---------- Given data ----------
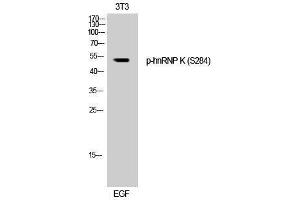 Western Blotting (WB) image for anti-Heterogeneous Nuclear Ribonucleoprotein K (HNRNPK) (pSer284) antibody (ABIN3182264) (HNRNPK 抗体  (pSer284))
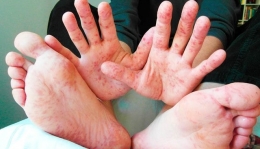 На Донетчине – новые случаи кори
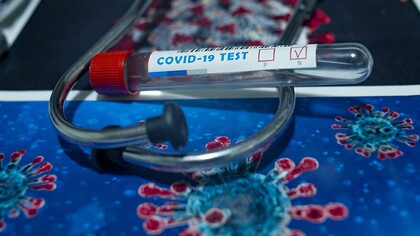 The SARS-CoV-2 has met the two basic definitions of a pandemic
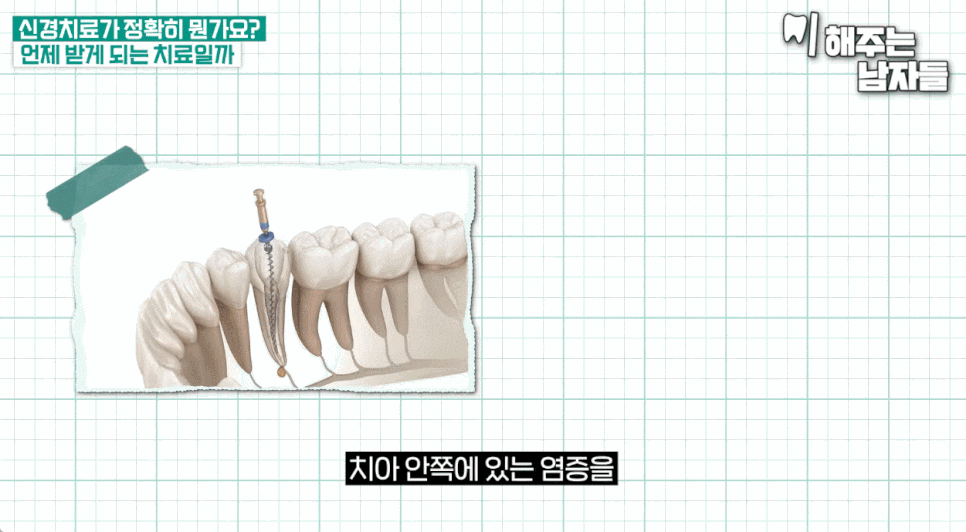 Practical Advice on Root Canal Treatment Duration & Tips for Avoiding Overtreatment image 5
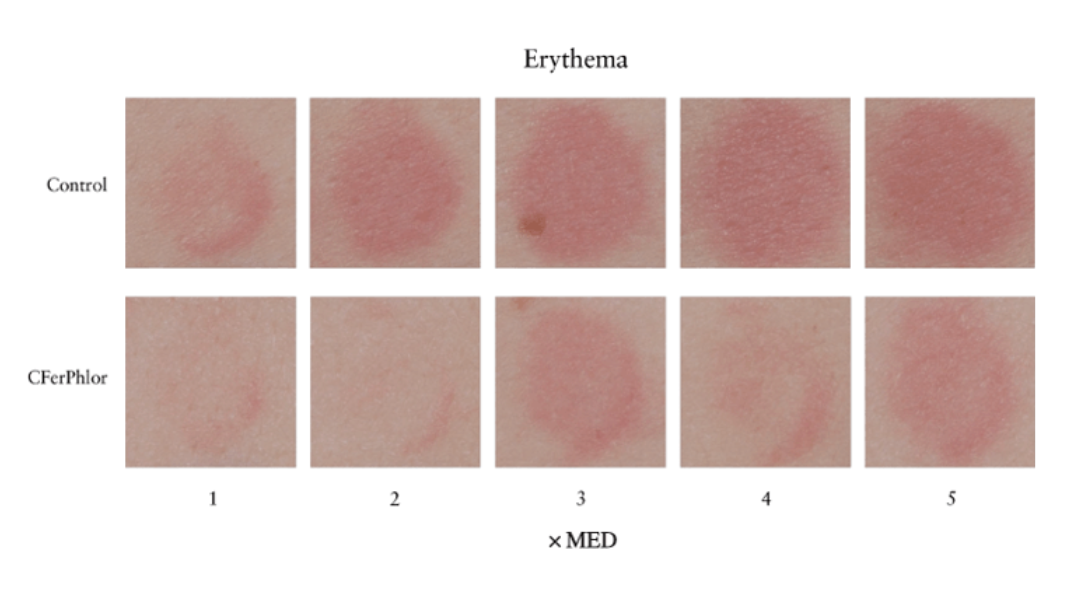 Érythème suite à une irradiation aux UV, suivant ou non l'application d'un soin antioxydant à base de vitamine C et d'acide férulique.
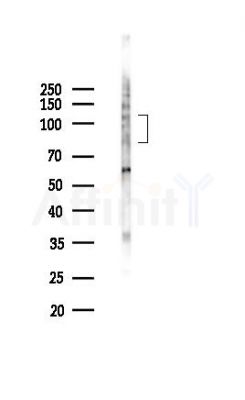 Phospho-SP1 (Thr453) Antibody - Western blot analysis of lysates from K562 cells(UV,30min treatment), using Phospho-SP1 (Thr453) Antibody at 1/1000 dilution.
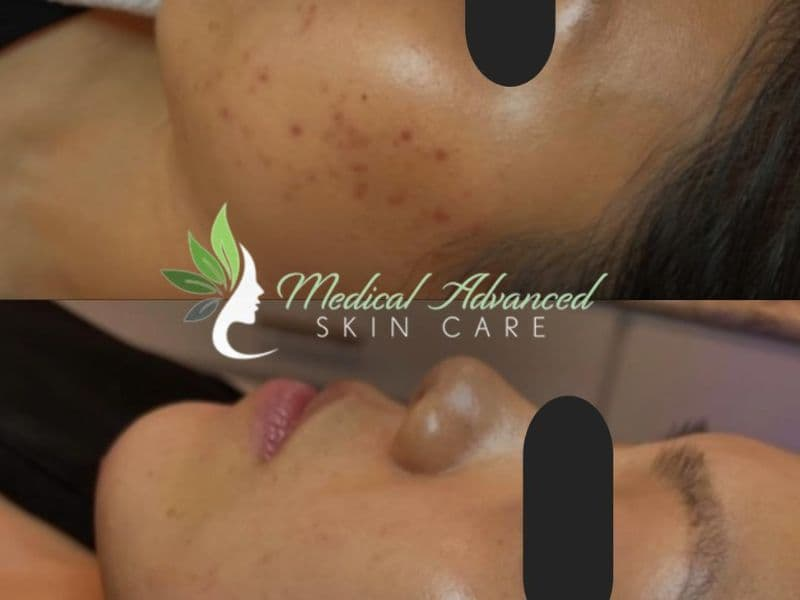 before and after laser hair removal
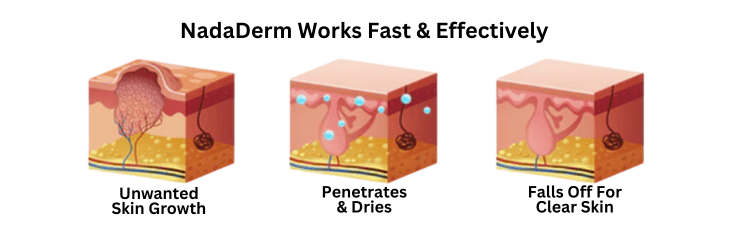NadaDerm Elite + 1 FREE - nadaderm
----------
Exercise prompt:
Going from the line with "Practical Advice on" to the last line of the listing, write out each line exactly and nothing else. Leave out all pictures.

Solution to this problem:
 Practical Advice on Root Canal Treatment Duration & Tips for Avoiding Overtreatment image 5
 Érythème suite à une irradiation aux UV, suivant ou non l'application d'un soin antioxydant à base de vitamine C et d'acide férulique.
 Phospho-SP1 (Thr453) Antibody - Western blot analysis of lysates from K562 cells(UV,30min treatment), using Phospho-SP1 (Thr453) Antibody at 1/1000 dilution.
 before and after laser hair removal
NadaDerm Elite + 1 FREE - nadaderm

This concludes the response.